I can understand the concern with using this character representation with string encodings other than UTF-8. Particularly when working with UTF-32 where producing code points in the old representation was trivial. But here’s the thing: UTF-8 won. Here’s a graph of popularity of encodings in web pages over time:
And that’s only up to 2014 – 90% of the web is now UTF-8. If you are one of the increasingly rare people working with UTF-32 data, you can use a Char32 <: AbstractChar
type that represents code points in the old way. No problem.
The PR #24999 also seems to do a lot of the things that people such as @tkelman and yourself complained about a few years ago, of not being focused on a single issue, i.e. changing the representation of Char, and instead has incorporated a whole grab bag of unrelated string changes (which makes it very difficult, if not impossible, to determine the performance affects of just the Char changes).

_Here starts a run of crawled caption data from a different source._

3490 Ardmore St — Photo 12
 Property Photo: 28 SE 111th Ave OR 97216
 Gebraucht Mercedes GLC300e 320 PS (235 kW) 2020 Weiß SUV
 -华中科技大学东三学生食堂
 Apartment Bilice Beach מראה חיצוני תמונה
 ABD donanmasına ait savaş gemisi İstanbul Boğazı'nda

Surely, you understand the difference here? I have just a bit more credibility at making large changes to Julia than you do. A couple years ago, you showed up, decided you wanted to change everything about how strings work in Julia in ways that people did not agree with and that you did not persuade them were better, which, frankly, I still think were fundamentally misguided. These changes left strings in Julia in a state where a program throws an error any time it encounters invalid UTF-8 string data. As it turns out, this happens quite a lot in the real world. Getting errors all the time has forced anyone who wants to write robust string code to not use our strings at all and use byte vectors instead. It’s a disaster. I’ve been intending to undo the damage for a long time and this PR is that change. I can understand that you don’t like it or agree with it, but I’m ok with that. The new philosophy is quite different but very simple: bad data should never cause an error, only a bad program should. With this change, Julia can gracefully and efficiently handle any kind of UTF-8 data the world throws at it, good or bad.

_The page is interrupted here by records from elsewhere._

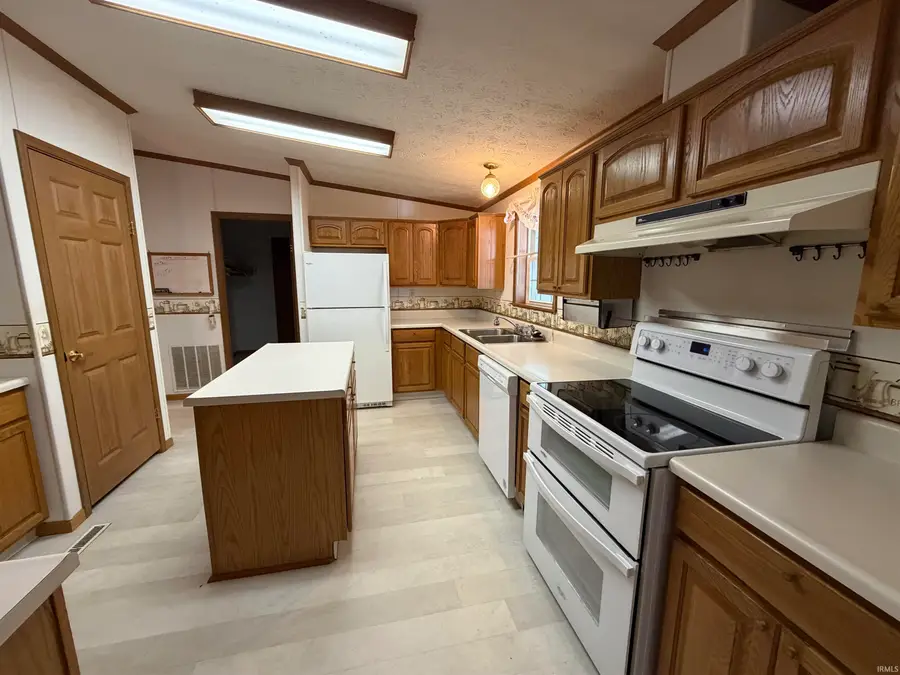 746 Bobtail Court, Peru, IN 46970 - #3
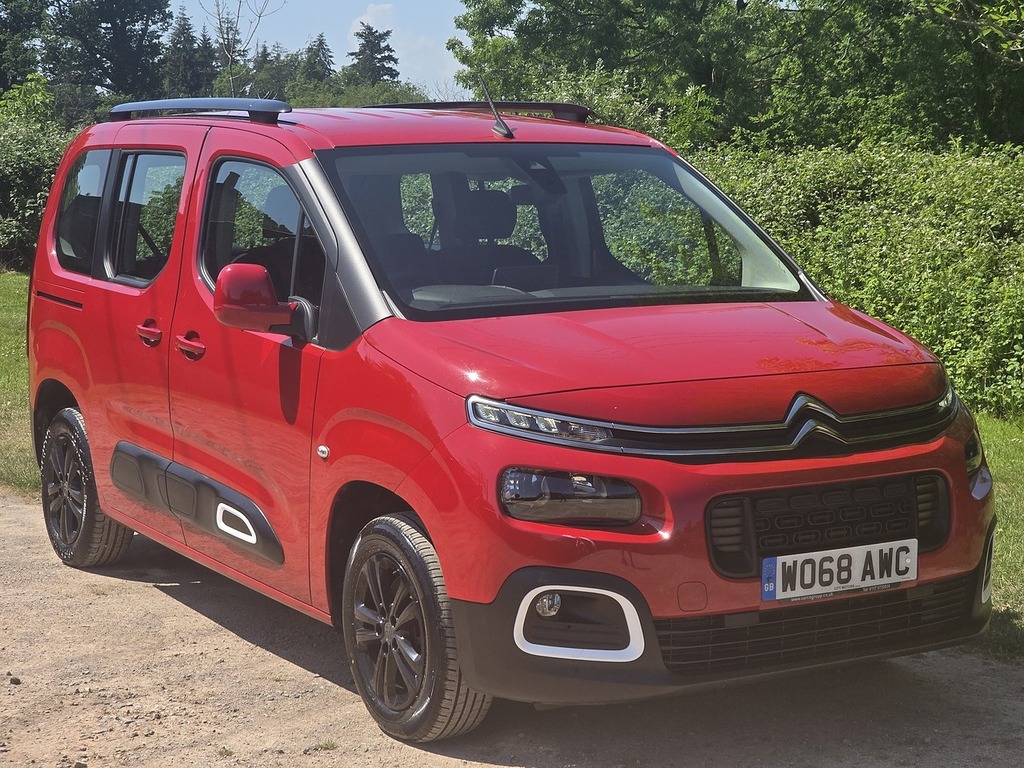 Citroen Berlingo Bluehdi Flair Red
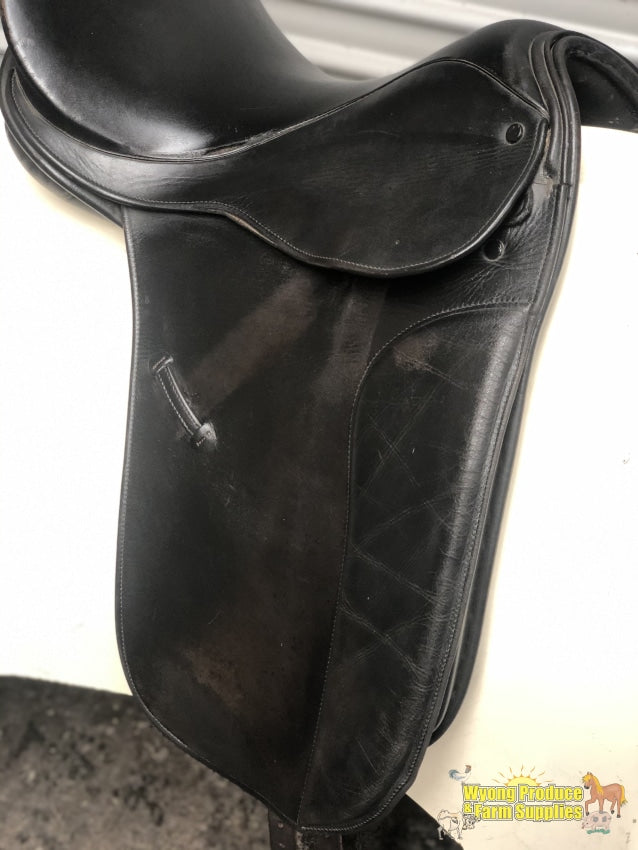 Bates Signature Dressage Saddle 17 Black (193301)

A large part of why this PR is so sprawling is because the string code was in an incoherent state without a single vision, after being been pulled it in different directions by various people over the years. Changing one thing (character representation) that should, in theory, have been isolated, ended up forcing the resolution of a number of fundamental questions about what it means to be a string in Julia. If I had more time, I would factor the PR into smaller more manageable pieces, but we’re under a deadline here since the Julia 1.0 feature freeze is on Friday.